§ Try it:
Below are records with pictures in them. Output exactly the lines from the one with "Garment Dyed Organic" through the one with "Leeby Isidoro rascador", both included, and leave every picture out; give only those lines.

§ Extracted entries:

====

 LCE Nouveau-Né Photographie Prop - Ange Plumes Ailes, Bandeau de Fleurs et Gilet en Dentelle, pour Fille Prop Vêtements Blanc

====

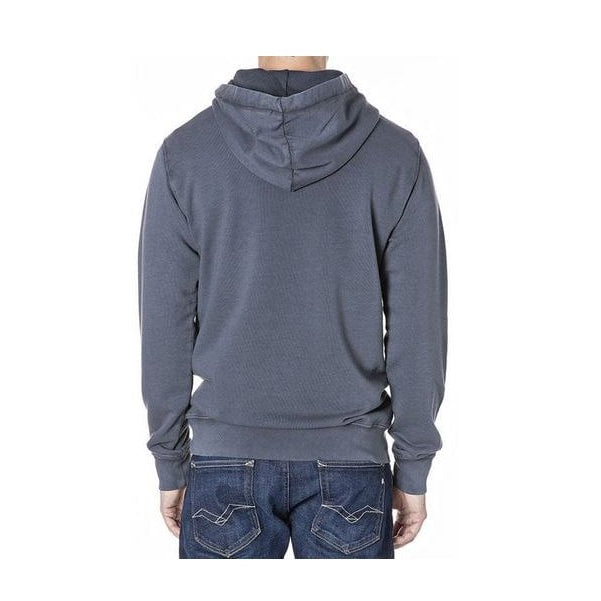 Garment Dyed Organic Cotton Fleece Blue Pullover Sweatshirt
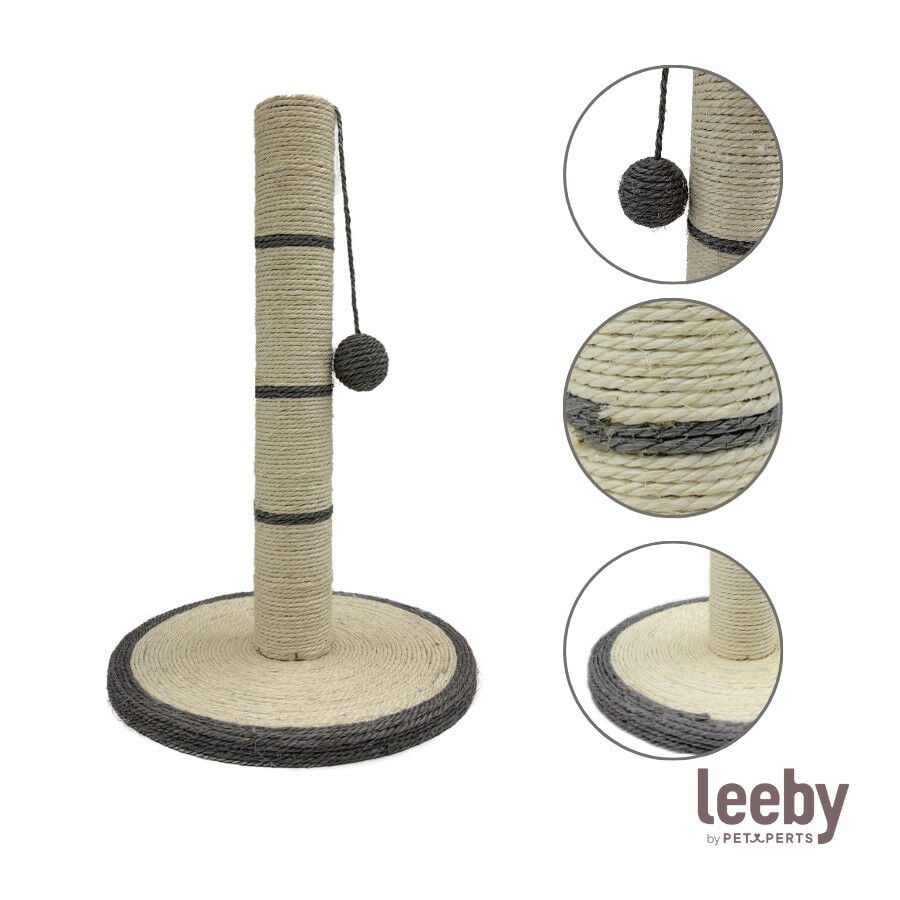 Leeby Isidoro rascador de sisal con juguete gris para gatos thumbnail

====

§ Solution for this exercise:
 Garment Dyed Organic Cotton Fleece Blue Pullover Sweatshirt
 Leeby Isidoro rascador de sisal con juguete gris para gatos thumbnail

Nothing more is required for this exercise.